El americano antiamericano

Montserrat Huguet

Los europeos solemos mirar la historia de los Estados Unidos como la de un país que ha conquistado su identidad con precisa solvencia. Se interpreta que la historia de los Estados Unidos interfiere por lo general en el resto, de manera que la reacción habitual suele ser la suspicacia y el enfado: el antiamericanismo.

Pero hay otros antiamericanismos que se gestionan en el núcleo de lo estadounidense y que enraízan en el desasosiego de sus ciudadanos, en la desconfianza sistemática ante el gobierno o en la deriva autodestructiva de una sociedad que está acostumbrada a sentirse convaleciente.

Visitante del Museo de Arte Moderno de Nueva York (MOMA) frente al cuadro ‘Flag’, de Jasper Johns.
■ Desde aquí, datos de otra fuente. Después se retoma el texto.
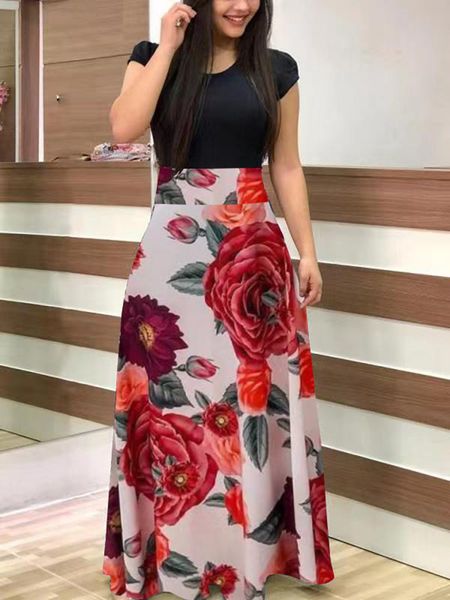 2020 women spring summer long flower dress short sleeved long sleeved designer dresses, Black;gray
2020 women spring summer long flower dress short sleeved long sleeved designer dresses, Black;gray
Gorup de Besanez / Wikimedia Commons, CC BY-SA

Así, el ritmo íntimo de las cosas en los Estados Unidos está siempre lejos de la autocomplacencia: se reconoce más bien en el malestar inmutable. Cabe pensar que el sueño americano se fundamente en un estado perpetuo de insatisfacción de la gente que, incapaz de lidiar con las condiciones vitales de cada presente, no tiene otro remedio que transmutarlas en ventanas de oportunidad.

Autojustificando la nacionalidad

En los Estados Unidos es frecuente toparse con ciudadanos que hacen pública ostentación de disgusto a propósito de su país (gobierno). De él critican las mismas cosas que dichas por un extranjero le convierten en antiamericano.
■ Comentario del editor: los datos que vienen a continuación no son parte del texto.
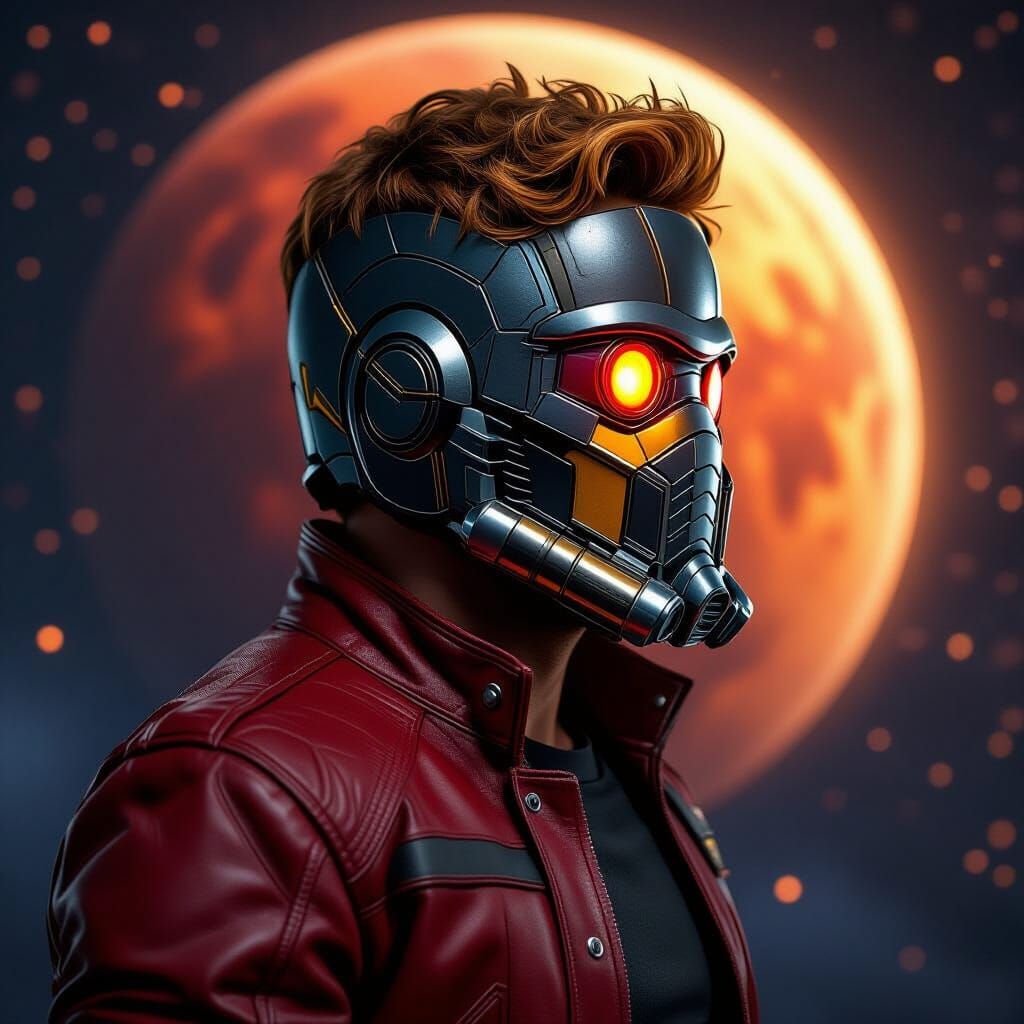 Star-Lord Profile in Sci-Fi Helmet with Red Eyes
Este tipo de estadounidense viaja exhibiendo un gesto de rendida humildad, de autojustificación por el hecho de ser estadounidense. Este tipo de ciudadanos estadounidenses que recorren el mundo proclaman su malestar con la administración estadounidense vigente (la que sea) y su deseo de romper su pasaporte (algo que desde luego nunca harán).

Protestas en Teherán tras la decisión de EEUU de abandonar el acuerdo nuclear con Irán, mayo 2018.
Hossein Mersadi / Fars News Agency, CC BY

Por ejemplo: al ser preguntado sobre si ya había solicitado la nacionalidad española, a la que tiene acceso por ser hijo de brigadista, el sociólogo Richard Sennet echaba balones fuera: “Ojalá”, decía. “Escriba eso: ojalá. La aceptaría enseguida. Soy americano y británico, pero también me gustaría ser español. Escríbalo”.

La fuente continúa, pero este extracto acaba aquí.